Polisario: Algeria embarrassed by resurgence of enforced disappearance case
The disappearance in mysterious circumstances in the center of Algiers in early 2009 of Ahmed Khalil, a senior Polisario executive, has resurfaced.
The family members of the Moroccan Sahrawi, Ahmed Khalil, who held the position of Advisor on Human Rights to the Polisario leader, Mohamed Abdelaziz, denounced the disappearance anew holding the Polisario leadership fully responsible for this act.
“What we want is justice,” the missing person’s son, Rachid Khalil, told Europa Press on Saturday.
Ahmed Khalil, whose six brothers are imprisoned in the Tindouf camps in Algeria, had not been heard from since early 2009, when he made a trip to Algiers to give lectures on human rights at universities in the Algerian capital.
At the time, persistent reports spoke of Ahmed Khalil’s abduction by Polisario militia with the help of the Algerian intelligence services, which suspected him of wanting to escape the camps and join Morocco.
In 2014, the Forum for the support of Tindouf autonomists (Forsatin) asserted in a statement that Khalil had been kidnapped and possibly eliminated for having openly criticized the serious violations of human rights in the Tindouf camps.

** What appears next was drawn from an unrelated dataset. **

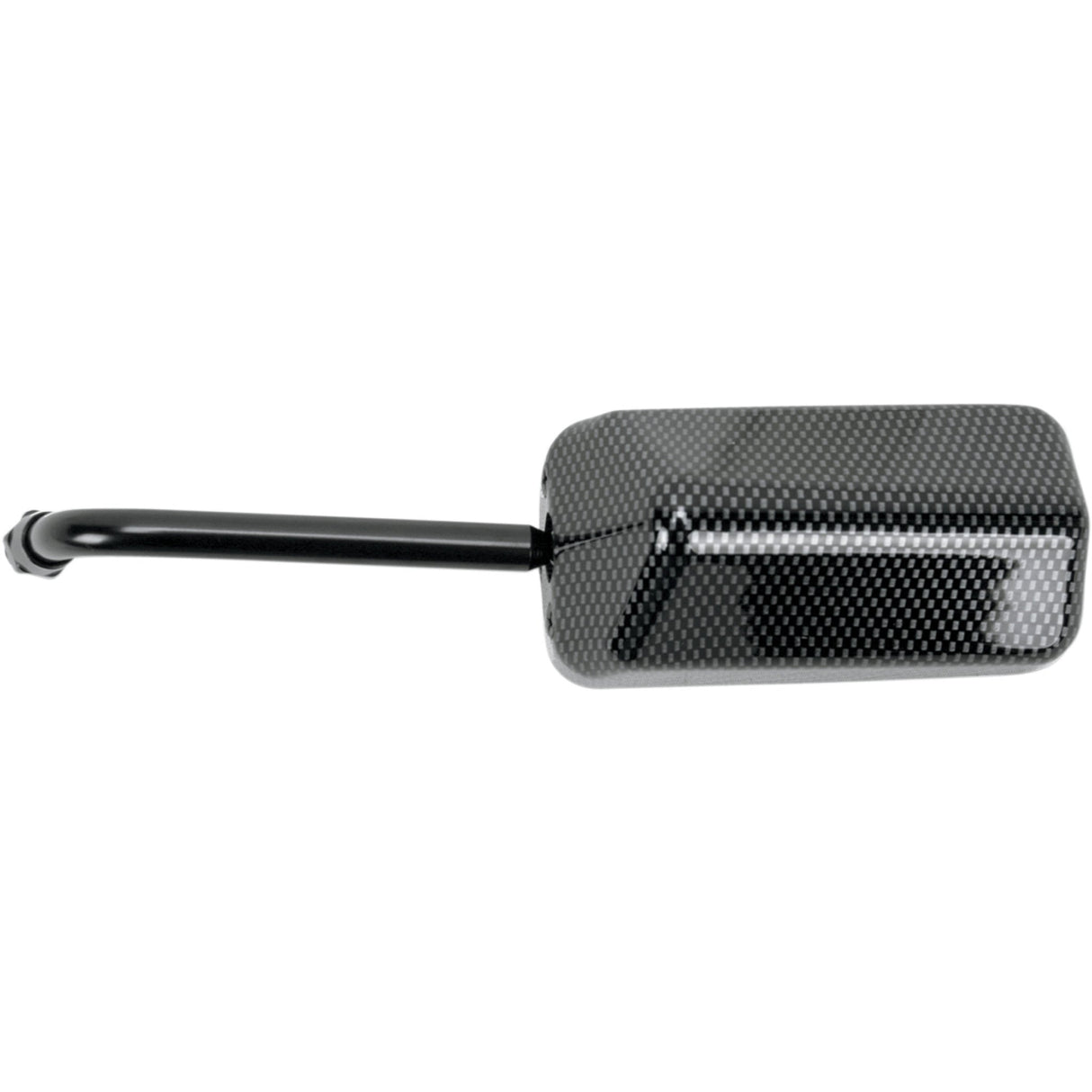 EMGO 20-97141 20-97141 Eurosport Mirror Mirror - Eurosport - Side View - Standard - Rectangle - Carbon Fiber - Right/Left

Precisely, before he disappeared, Ahmed Khalil was going to denounce, during his trip to Algiers, the violations and abuses committed by the Polisario torturers at the orders and with the blessing of the Algerian intelligence services.

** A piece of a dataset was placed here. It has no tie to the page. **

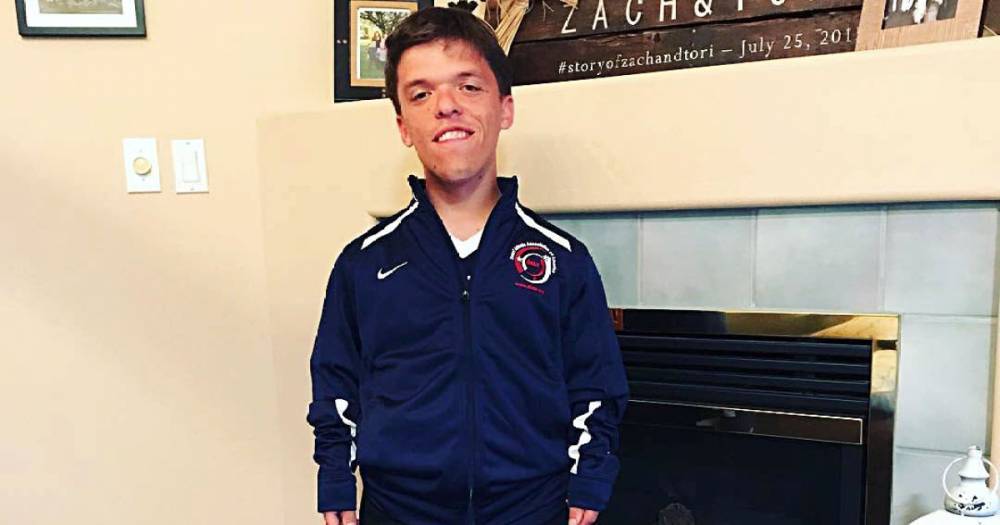 Zach Roloff Jokes That His Divorced Parents Amy and Matt ‘Probably’ Won’t Go on Double Dates Any Time Soon: ‘They’re Cordial’ - www.usmagazine.com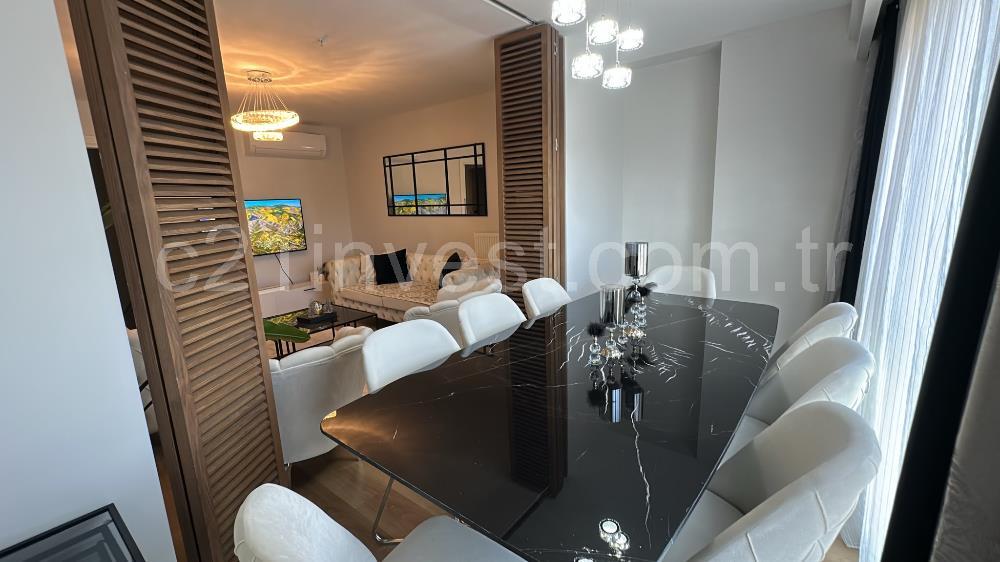 AVANGART İSTANBUL'DA 9.KAT 2+1 KAPALI MUTFAKLI SATILIK DAİRE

These services, fearing that the foreign press accredited in Algiers, would propagate Ahmed Khalil’s criticism and seditious ideas, choose a radical option, that of silencing him forever.

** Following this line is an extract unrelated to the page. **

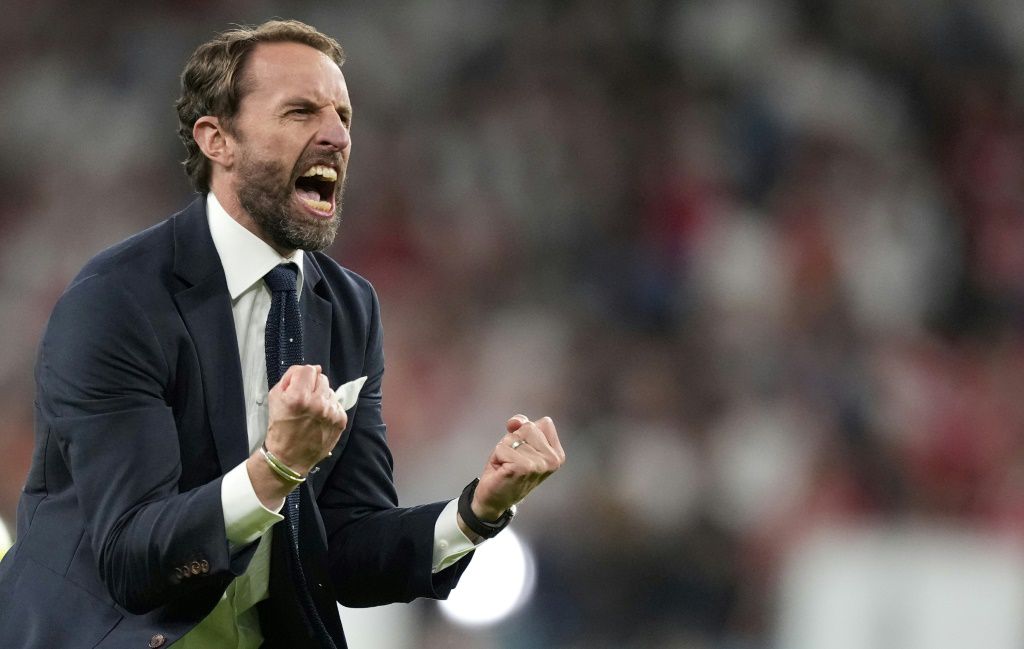 How Southgate\'s courage and communication transformed England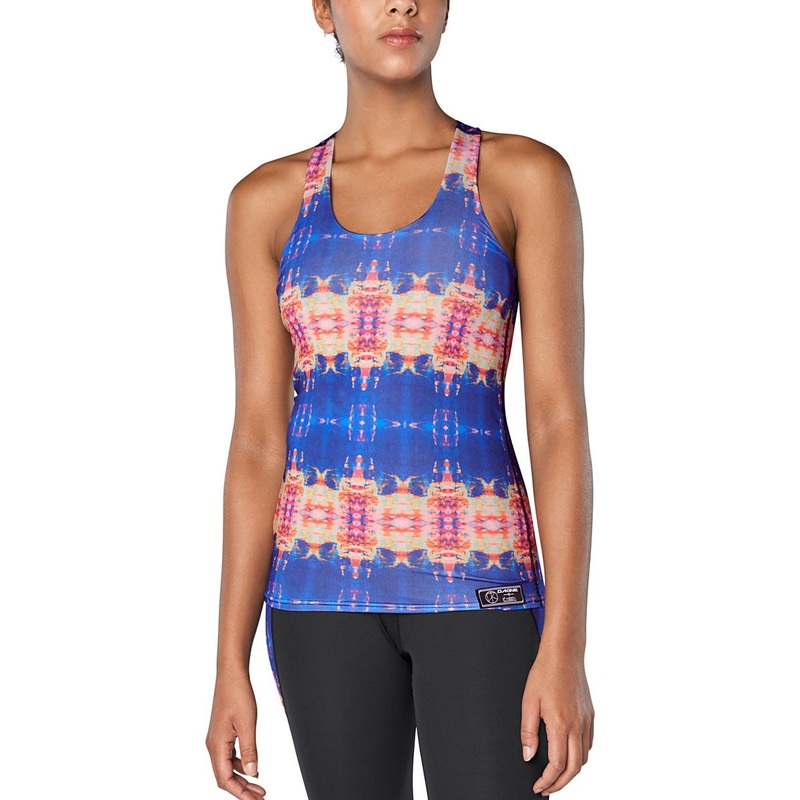 Dakine Womens Flow Snug Fit Surf Tank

Informal Sahrawi sources assure however that Ahmed Khalil is still alive and is being held by the DRS in a secret location in Ben Aknoune.
Rachid Khalil, resident in San Sebastian (Spain,) lodged a complaint about his father’s case with the UN Working Group on Enforced or Involuntary Disappearances (WGEID.) He simultaneously called on international Human Rights NGOs to put pressure on Algiers “to prevent the risk of physical liquidation” of his father, a fate that awaits any opponent or dissident to the Polisario.